▶ Assigned task:
Copy exactly the stretch of lines from the one holding "Tiki Shores Inn" through the last line of the data below, inclusive. Leave out pictures.

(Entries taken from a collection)
▬▬▬▬▬▬▬▬▬▬
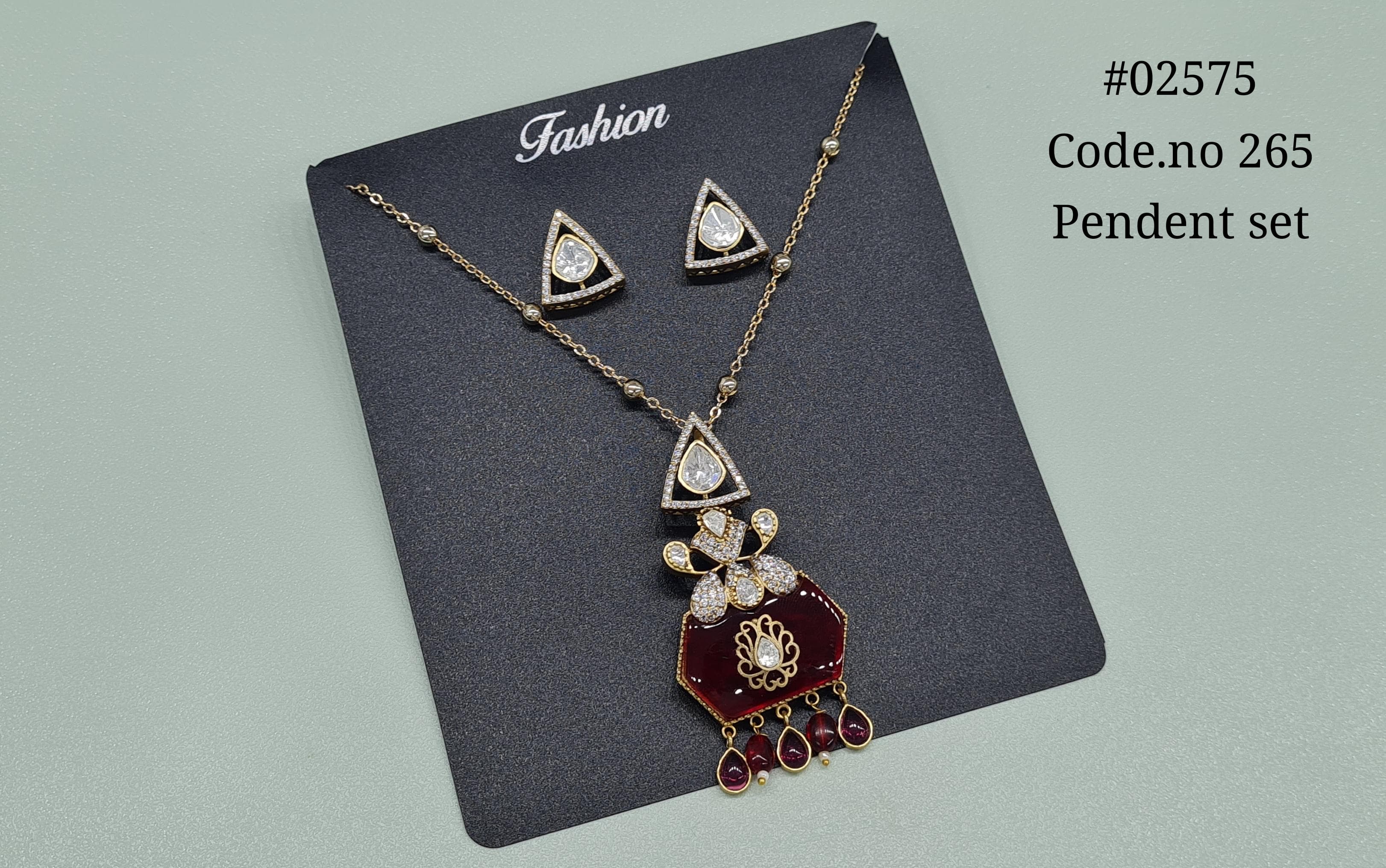 Kundan pendant 02575 - 4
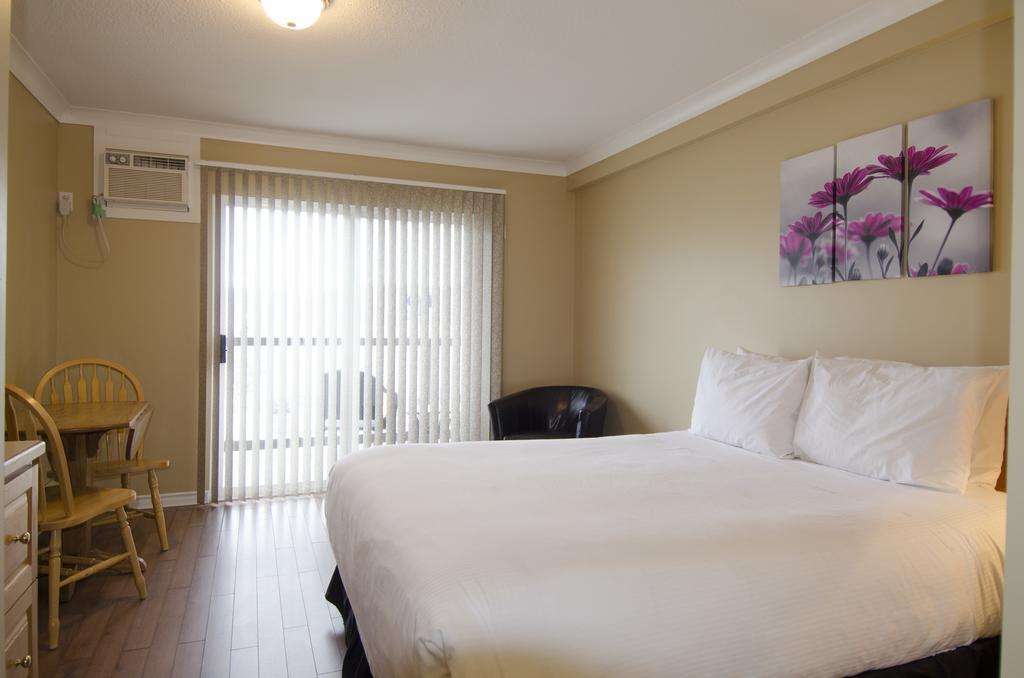 Tiki Shores Inn & Suites Penticton Bilik gambar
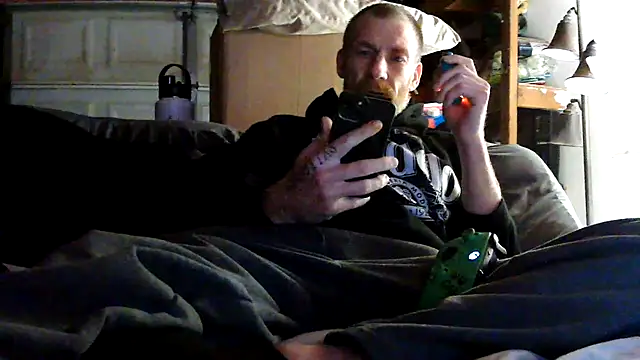 Snapshot of Tiggitytomociti chatting on 03-02-26, 07:26 Tiggitytomociti online show from 03-02-26, 07:26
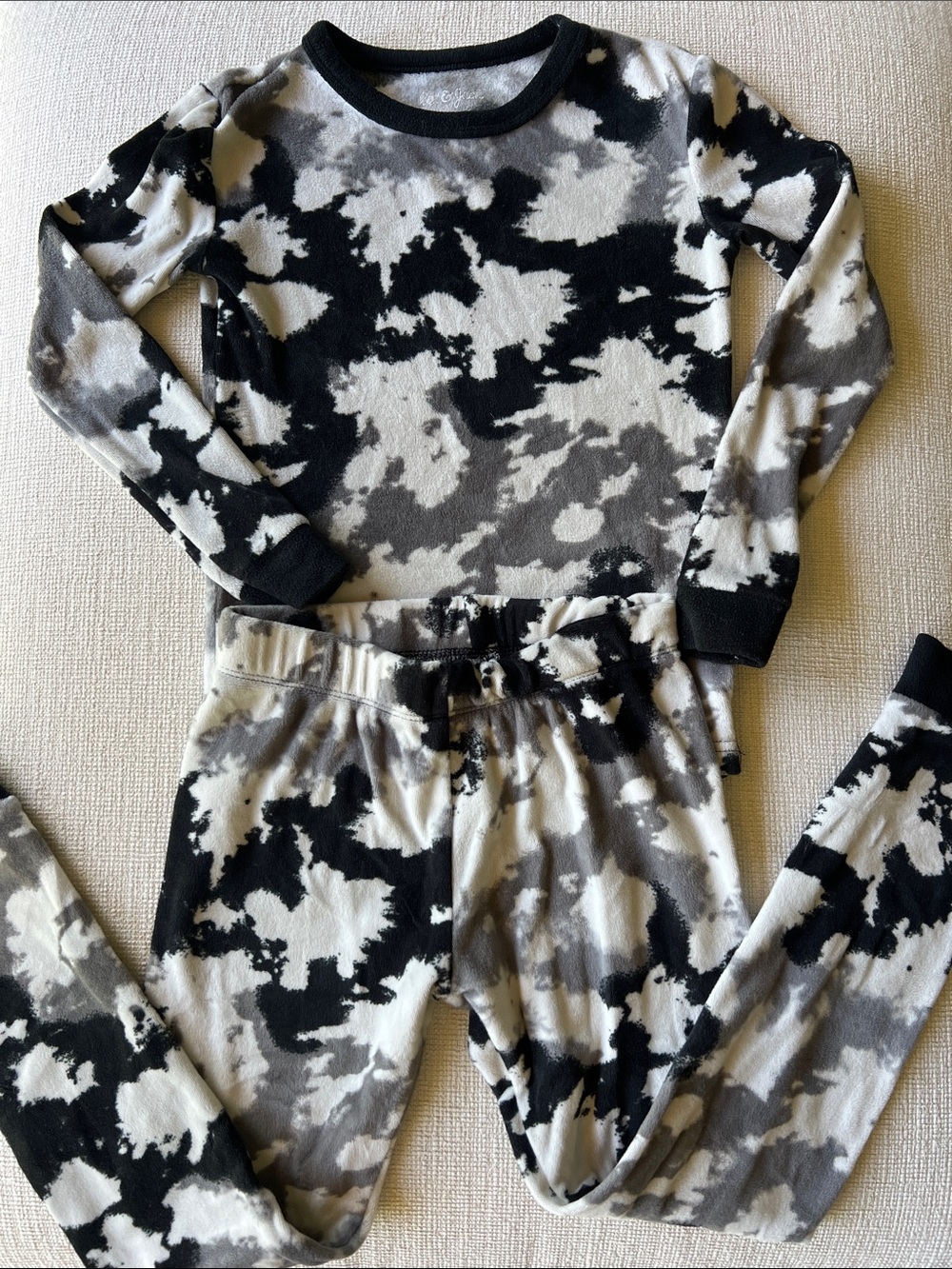 Cat & Jack Black, Gray & White Tie-Dye Long Sleeve Pajama Set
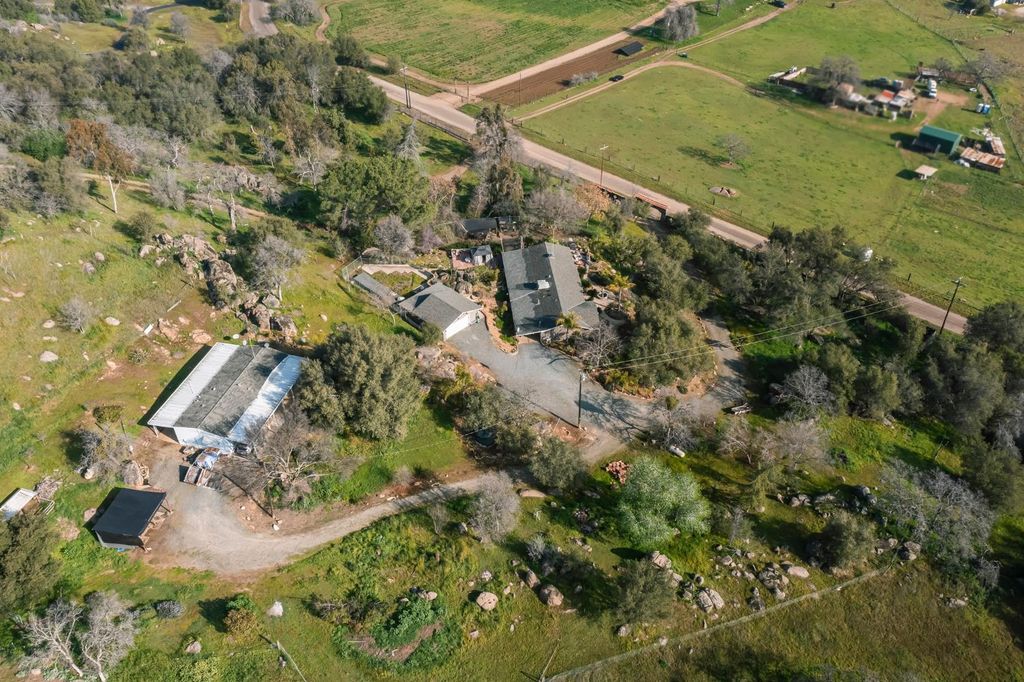 Image 43 of property listing at 37129 Pebble Lane, Yokuts Valley, CA 93675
▬▬▬▬▬▬▬▬▬▬
▶ Output of the exercise:
 Tiki Shores Inn & Suites Penticton Bilik gambar
 Snapshot of Tiggitytomociti chatting on 03-02-26, 07:26 Tiggitytomociti online show from 03-02-26, 07:26
 Cat & Jack Black, Gray & White Tie-Dye Long Sleeve Pajama Set
 Image 43 of property listing at 37129 Pebble Lane, Yokuts Valley, CA 93675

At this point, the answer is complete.